Réorganisation des relations entre Delémont et Belfort
L’Association européenne pour le développement du transport ferroviaire (AEDTF) est consternée par la décision unilatérale de la Région Bourgogne – Franche-Comté de supprimer les relations franco-suisses Bienne – Delémont – Delle – Meroux TGV (Belfort-Montbéliard TGV) sur le territoire français.
Certes, avec une fréquentation bien en-deçà des attentes depuis 2018, on pourrait penser qu’il fût trop hardi de reconstruire une voie ferrée desservant cette région relativement peu peuplée. Il n’en est rien. L’échec est lié à une erreur d’appréciation originelle, les décideurs ayant misé sur deux potentiels de déplacement indépendants l’un de l’autre (relations domicile-travail et étude sur le tronçon français, et accès au TGV de part et d’autre), d’où une exploitation hybride et superposée qui ne propose aucune relation directe entre Delémont et Belfort.
Ont été oubliés les flux entre les deux pôles desservis et au-delà, les frontaliers, les touristes et finalement une tarification régionale intégrée. La vraie mesure du potentiel de la liaison ferroviaire est la fréquentation de l’autoroute parallèle à la voie ferrée, mais encore faut-il faire du rail la solution la plus rationnelle et pratique (un train du quotidien).
Pour notre Association qui s’engage notamment pour (r)établir des liaisons internationales de qualité, un tel ratage mais surtout l’obstination de ne pas le corriger confinent à un sabotage dont il est bien difficile de cerner les motivations. Car les causes de l’échec sont clairement identifiées : changement de train imposé à Meroux ou à Delle, correspondances hasardeuses à Meroux tant vers Belfort qu’avec les TGV, horaires irréguliers, tarification très dissuasive sur les courtes distances, concurrence directe et avantageuse des bus Optymo, absence de rabattement des autocars vers les gares, sans compter les impondérables qui dégradent régulièrement la qualité du service.

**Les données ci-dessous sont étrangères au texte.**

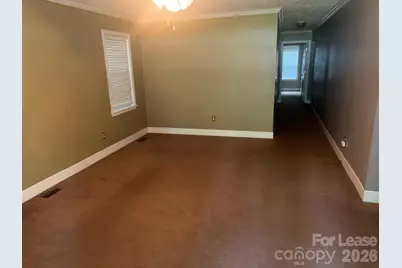 311 Brookside Camp Road, Hendersonville, NC 28792 - Photo 2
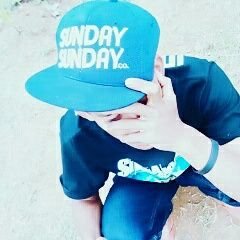 prasetia_denis's profile picture. 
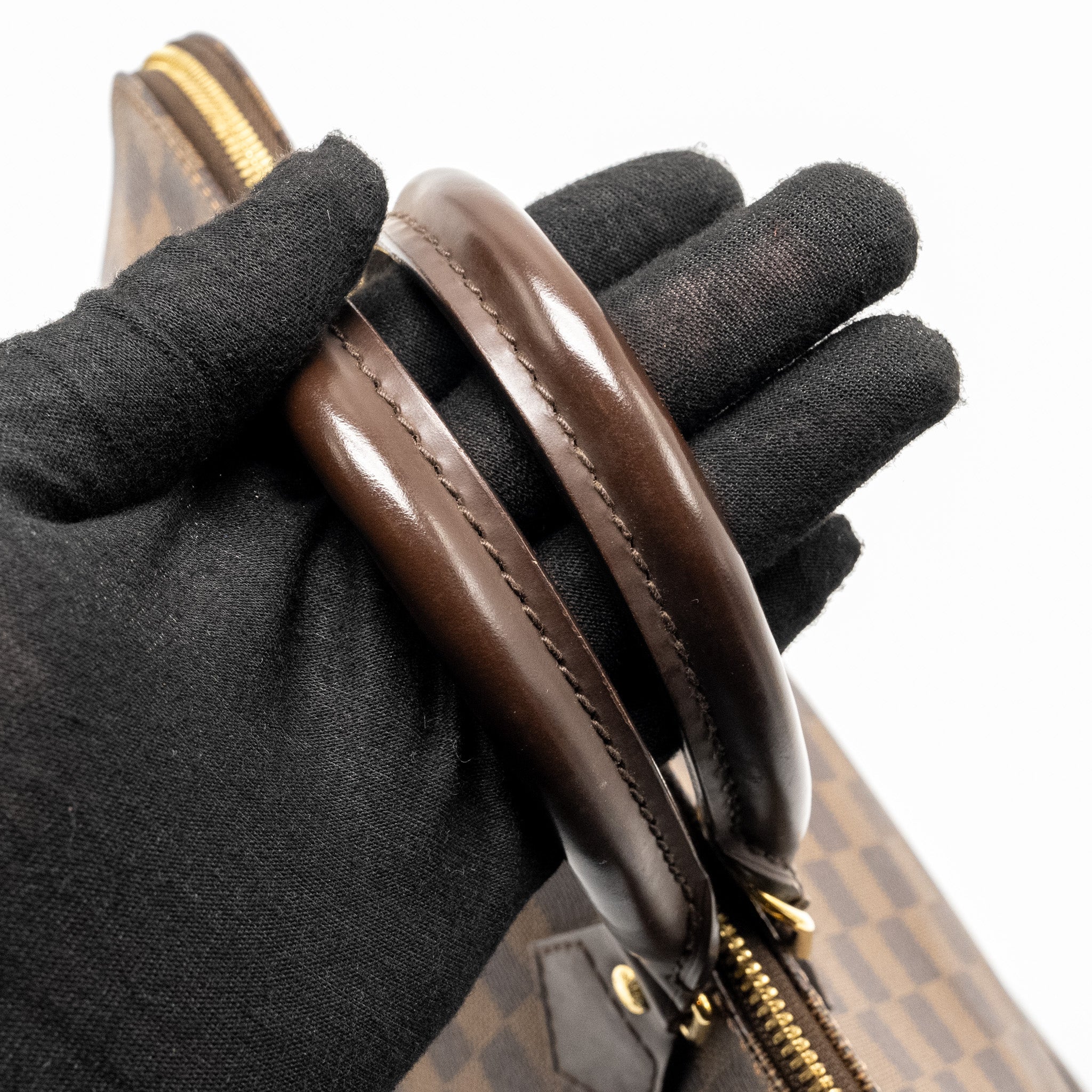 louis-vuitton-alma-pm-damier-ebene-canvas-ghw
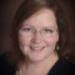 Photo: Dr. Carmen Gupta, MD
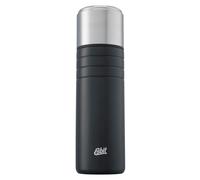 Thermos Esbit Noir 1000 ml
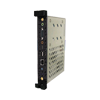 BRIGHTSIGN HO523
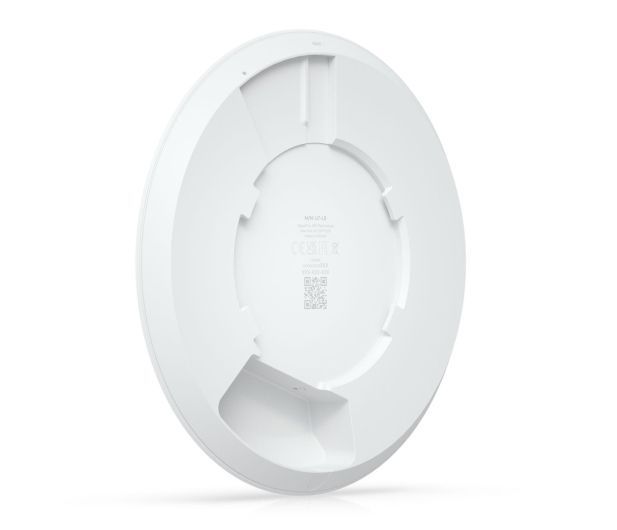 Точка доступа Ubiquiti U7 Long-Range (U7-LR) 1468731ua фото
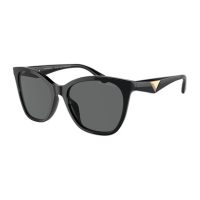 Accessories > Sunglasses > Womens Sunglasses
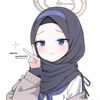 nahida.loli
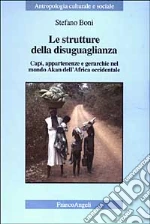 Boni Stefano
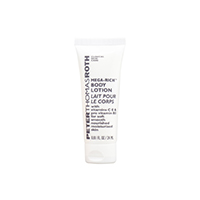 Peter Thomas Roth body lotion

Nous regrettons d’autant plus ce développement que l’on attendait le salut de la « feuille de route » dénommée Convergences 2026, longuement négociée entre les acteurs concernés, notamment le Canton du Jura et la Région Bourgogne – Franche-Comté. Elle prévoyait enfin, pour 2026, soit 7 ans (!) après la remise en service, l’établissement de relations directes et à la cadence horaire intégrales entre Delémont et Belfort, offrant dans le chef-lieu jurassien des correspondances directes avec les trains IC qui relieront à nouveau Lausanne à Bâle. Pour tous les défenseurs de la ligne, la décision de ne pas honorer cette feuille de route est sidérante et désolante.
Sidérante, car dans le monde des transports publics, il est admis que l’offre précède la demande ; en d’autres termes, le public répond présent s’il trouve une offre de qualité. Nous voulons bien croire la région qui promet d’offrir, dès fin 2025, un service cadencé avec des correspondances quai à quai à Delle, mais franchement nous doutons, vu les faibles distances et temps de parcours, que ces éléments suffisent à faire la différence. Au moins, il n’est pas (encore ?) question de refermer la ligne, mais on crée un obstacle supplémentaire et il est à craindre que les Suisses voyageant en TGV s’organisent autrement pour éviter de changer de train à Delle puis quelques minutes plus tard à Meroux.
Désolante, car alors que la planète surchauffe, on bride pour des motifs futiles une ligne ferroviaire fraîchement reconstruite, sans compter le camouflet essuyé par les contribuables suisses et jurassiens qui ont payé le quart de facture
Au moins, cette actualité nous donne l’occasion de réitérer la proposition de notre association de repenser l’ensemble des relations trans-jurassiennes dans un esprit de partenariat franco-suisse, en s’inspirant directement du Léman Express, dont le succès est indiscutable et doit servir d’exemple. Nous demandons d’étudier dès à présent la création d’une entité mixte similaire regroupant les CFF et la SNCF et chargée de mettre en place, en collaboration avec les collectivités publiques, un réseau se jouant des frontières qui pourrait pourquoi pas se nommer Jura Express
Dans l’immédiat, nous demandons à la Région Bourgogne – Franche-Comté de tenir parole quant aux promesses faites. Pour la suite, il est heureusement toujours possible de corriger une décision contestable pour faire mieux.